> [YOUR TASK]:
Could you copy, exactly as written, every line from the first line of the records through the one containing "gite 2 agradissement"?

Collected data
┌──

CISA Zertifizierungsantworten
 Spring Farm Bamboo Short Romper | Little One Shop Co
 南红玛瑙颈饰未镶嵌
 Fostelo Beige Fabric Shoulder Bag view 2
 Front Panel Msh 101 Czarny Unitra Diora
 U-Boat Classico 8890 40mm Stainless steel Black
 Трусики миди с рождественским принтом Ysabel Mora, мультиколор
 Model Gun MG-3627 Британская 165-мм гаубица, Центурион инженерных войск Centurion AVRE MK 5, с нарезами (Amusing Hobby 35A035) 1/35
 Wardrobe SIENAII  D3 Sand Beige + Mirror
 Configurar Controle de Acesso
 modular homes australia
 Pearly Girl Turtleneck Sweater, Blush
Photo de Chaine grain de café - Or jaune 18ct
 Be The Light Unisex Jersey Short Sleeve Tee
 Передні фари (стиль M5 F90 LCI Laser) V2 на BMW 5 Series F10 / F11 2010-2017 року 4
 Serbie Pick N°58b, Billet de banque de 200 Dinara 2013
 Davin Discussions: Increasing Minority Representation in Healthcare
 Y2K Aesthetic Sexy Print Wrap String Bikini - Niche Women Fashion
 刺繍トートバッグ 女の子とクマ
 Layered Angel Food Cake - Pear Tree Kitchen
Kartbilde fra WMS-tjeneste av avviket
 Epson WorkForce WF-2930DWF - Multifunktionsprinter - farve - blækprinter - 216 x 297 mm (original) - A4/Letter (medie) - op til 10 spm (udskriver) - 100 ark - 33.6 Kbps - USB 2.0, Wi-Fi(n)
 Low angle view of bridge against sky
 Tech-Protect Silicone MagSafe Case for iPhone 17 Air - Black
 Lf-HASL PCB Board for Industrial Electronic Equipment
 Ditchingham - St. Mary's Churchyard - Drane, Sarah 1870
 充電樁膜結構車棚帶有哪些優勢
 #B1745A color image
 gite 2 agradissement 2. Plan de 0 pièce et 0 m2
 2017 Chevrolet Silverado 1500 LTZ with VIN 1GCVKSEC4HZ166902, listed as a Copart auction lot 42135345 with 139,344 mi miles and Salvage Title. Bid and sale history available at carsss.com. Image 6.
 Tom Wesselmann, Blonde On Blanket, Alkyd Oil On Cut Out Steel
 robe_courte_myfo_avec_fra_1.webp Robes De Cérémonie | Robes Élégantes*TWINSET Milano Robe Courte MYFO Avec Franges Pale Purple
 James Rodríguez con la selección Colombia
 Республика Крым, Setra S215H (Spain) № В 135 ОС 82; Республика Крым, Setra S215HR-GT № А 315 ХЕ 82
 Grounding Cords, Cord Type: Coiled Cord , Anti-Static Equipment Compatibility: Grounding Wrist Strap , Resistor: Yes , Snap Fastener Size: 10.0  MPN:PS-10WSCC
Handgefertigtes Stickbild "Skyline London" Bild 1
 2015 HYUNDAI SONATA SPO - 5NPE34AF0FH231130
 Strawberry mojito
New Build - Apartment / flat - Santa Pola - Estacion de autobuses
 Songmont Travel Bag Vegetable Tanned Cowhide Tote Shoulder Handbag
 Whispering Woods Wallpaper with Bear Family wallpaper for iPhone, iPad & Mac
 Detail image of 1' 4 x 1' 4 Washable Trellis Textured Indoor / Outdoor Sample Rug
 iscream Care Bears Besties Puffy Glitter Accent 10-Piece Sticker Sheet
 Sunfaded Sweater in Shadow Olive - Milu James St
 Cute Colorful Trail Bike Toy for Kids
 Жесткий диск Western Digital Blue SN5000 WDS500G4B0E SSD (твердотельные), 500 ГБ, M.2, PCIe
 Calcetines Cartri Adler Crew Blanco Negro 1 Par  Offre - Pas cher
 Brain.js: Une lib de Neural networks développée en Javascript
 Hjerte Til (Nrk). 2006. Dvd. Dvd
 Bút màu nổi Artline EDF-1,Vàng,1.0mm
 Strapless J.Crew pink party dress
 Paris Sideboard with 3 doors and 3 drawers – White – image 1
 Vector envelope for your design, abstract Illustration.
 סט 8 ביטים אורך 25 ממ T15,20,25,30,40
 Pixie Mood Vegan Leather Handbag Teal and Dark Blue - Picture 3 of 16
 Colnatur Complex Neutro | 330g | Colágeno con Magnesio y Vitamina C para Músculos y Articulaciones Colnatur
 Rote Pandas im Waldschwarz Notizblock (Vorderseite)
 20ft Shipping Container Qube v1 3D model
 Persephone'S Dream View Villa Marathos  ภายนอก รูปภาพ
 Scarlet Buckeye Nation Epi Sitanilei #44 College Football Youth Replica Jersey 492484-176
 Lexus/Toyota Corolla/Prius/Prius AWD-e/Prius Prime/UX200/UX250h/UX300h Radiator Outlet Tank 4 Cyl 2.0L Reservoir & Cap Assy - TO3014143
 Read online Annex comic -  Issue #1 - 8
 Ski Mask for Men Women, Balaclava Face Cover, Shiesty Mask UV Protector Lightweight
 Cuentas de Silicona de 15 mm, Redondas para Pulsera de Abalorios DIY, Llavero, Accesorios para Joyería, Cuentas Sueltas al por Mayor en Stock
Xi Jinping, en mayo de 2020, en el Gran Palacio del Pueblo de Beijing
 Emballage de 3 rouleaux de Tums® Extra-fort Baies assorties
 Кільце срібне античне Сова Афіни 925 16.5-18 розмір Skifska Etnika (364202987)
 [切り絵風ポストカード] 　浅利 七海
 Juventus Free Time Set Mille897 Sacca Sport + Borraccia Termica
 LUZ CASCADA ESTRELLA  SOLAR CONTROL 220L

└──

> [ANSWER FOR THE TASK]:
CISA Zertifizierungsantworten
 Spring Farm Bamboo Short Romper | Little One Shop Co
 南红玛瑙颈饰未镶嵌
 Fostelo Beige Fabric Shoulder Bag view 2
 Front Panel Msh 101 Czarny Unitra Diora
 U-Boat Classico 8890 40mm Stainless steel Black
 Трусики миди с рождественским принтом Ysabel Mora, мультиколор
 Model Gun MG-3627 Британская 165-мм гаубица, Центурион инженерных войск Centurion AVRE MK 5, с нарезами (Amusing Hobby 35A035) 1/35
 Wardrobe SIENAII  D3 Sand Beige + Mirror
 Configurar Controle de Acesso
 modular homes australia
 Pearly Girl Turtleneck Sweater, Blush
Photo de Chaine grain de café - Or jaune 18ct
 Be The Light Unisex Jersey Short Sleeve Tee
 Передні фари (стиль M5 F90 LCI Laser) V2 на BMW 5 Series F10 / F11 2010-2017 року 4
 Serbie Pick N°58b, Billet de banque de 200 Dinara 2013
 Davin Discussions: Increasing Minority Representation in Healthcare
 Y2K Aesthetic Sexy Print Wrap String Bikini - Niche Women Fashion
 刺繍トートバッグ 女の子とクマ
 Layered Angel Food Cake - Pear Tree Kitchen
Kartbilde fra WMS-tjeneste av avviket
 Epson WorkForce WF-2930DWF - Multifunktionsprinter - farve - blækprinter - 216 x 297 mm (original) - A4/Letter (medie) - op til 10 spm (udskriver) - 100 ark - 33.6 Kbps - USB 2.0, Wi-Fi(n)
 Low angle view of bridge against sky
 Tech-Protect Silicone MagSafe Case for iPhone 17 Air - Black
 Lf-HASL PCB Board for Industrial Electronic Equipment
 Ditchingham - St. Mary's Churchyard - Drane, Sarah 1870
 充電樁膜結構車棚帶有哪些優勢
 #B1745A color image
 gite 2 agradissement 2. Plan de 0 pièce et 0 m2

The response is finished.